Heart Disease :: Warning symptoms often herald sudden cardiac problems

Cardiac arrest is often preceded by symptoms lasting for more than an hour, and usually occurs in cases with a known history of heart disease or risk factors, German investigators report. These findings refute the theory that sudden cardiac death occurs at random in apparently healthy or low-risk patients, the authors say.

“These findings suggest that educating the public, patients, and relatives to recognize and respond to symptoms of heart disease holds promise for reducing mortality attributed to sudden death,” Dr. Dirk Muller and colleagues at the University of Berlin report in the journal Circulation.

Muller’s team evaluated data analyzed the circumstances surrounding 406 patients who suffered sudden cardiac arrest and obtained cardiac histories and the median duration of warning for 323.
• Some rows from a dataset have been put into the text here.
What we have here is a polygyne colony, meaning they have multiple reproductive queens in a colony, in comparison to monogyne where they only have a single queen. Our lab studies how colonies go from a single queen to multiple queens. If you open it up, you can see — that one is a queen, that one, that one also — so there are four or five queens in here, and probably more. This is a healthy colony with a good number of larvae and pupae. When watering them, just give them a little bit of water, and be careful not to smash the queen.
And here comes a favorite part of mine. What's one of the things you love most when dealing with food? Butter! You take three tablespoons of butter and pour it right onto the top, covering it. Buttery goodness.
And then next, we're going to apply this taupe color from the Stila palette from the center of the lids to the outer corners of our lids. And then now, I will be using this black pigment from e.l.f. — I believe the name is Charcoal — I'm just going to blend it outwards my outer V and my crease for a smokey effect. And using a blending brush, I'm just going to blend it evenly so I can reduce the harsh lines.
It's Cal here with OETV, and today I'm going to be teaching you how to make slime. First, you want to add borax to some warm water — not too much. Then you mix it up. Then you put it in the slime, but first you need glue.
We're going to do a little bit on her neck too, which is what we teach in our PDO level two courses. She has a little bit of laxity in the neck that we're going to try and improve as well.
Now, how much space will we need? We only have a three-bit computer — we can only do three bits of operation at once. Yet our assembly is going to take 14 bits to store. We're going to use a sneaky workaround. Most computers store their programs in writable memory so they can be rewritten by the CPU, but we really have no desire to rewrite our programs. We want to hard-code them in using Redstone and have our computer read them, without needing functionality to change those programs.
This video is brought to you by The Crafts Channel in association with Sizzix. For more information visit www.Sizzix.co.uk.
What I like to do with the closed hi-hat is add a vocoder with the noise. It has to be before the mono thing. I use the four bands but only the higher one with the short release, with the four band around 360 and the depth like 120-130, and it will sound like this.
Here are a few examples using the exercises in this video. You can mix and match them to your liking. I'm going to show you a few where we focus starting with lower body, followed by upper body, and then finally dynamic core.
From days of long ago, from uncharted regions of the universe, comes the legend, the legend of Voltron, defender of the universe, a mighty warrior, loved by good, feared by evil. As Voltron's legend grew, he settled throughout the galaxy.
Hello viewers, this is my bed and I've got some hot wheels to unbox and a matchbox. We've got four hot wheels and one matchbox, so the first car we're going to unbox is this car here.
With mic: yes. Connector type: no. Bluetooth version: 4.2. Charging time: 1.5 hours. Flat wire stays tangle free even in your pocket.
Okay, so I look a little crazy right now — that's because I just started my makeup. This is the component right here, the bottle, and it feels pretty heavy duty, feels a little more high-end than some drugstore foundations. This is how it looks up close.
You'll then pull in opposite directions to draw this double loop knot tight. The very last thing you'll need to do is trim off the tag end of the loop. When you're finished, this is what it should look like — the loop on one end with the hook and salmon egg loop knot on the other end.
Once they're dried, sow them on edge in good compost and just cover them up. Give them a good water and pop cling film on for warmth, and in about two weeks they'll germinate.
Results showed that 22 percent of patients had experienced angina (chest pain) for 120 minutes. Dyspnea (difficulty breathing) was present in 15 percent of patients for 30 minutes, nausea or vomiting in 7 percent for 120 minutes, dizziness or fainting in 5 percent for 10 minutes, while other symptoms lasting 60 minutes were reported by 8 percent.

Only 25 percent had no warning symptoms at all.

The investigators report that in 90 percent of cases, symptoms had lasted for at least 5 minutes before the patient collapsed and in some cases much longer.

“These symptoms are misinterpreted, suppressed, or denied despite the presence of a preexisting cardiac disease or cardiac risk factors,” Muller and his associates write.

More than half of the patients had a history of heart disease, and many had other risk factors, such as diabetes, smoking, and chronic lung disease.

The researchers also observed that when arrests occurred in public places, bystanders often initiated CPR. However, most collapses occurred when patients were at home in the presence of relatives, who are unlikely to attempt CPR. Of the 57 patients for whom bystander CPR was performed, 23 percent were alive and discharged from the hospital. In contrast, only 4 percent of 349 without bystander CPR survived.

Muller’s group recommends that detailed information regarding warning symptoms and how to perform basic life support should be given to patients at risk and their relatives.

“Money invested in training and education instead of automated external defibrillator programs might well lead to earlier recognition more rapid contact of the emergency medical services, and a higher percentage of bystander CPR and thus to a higher probability of survival in patients with sudden cardiac deaths,” they conclude.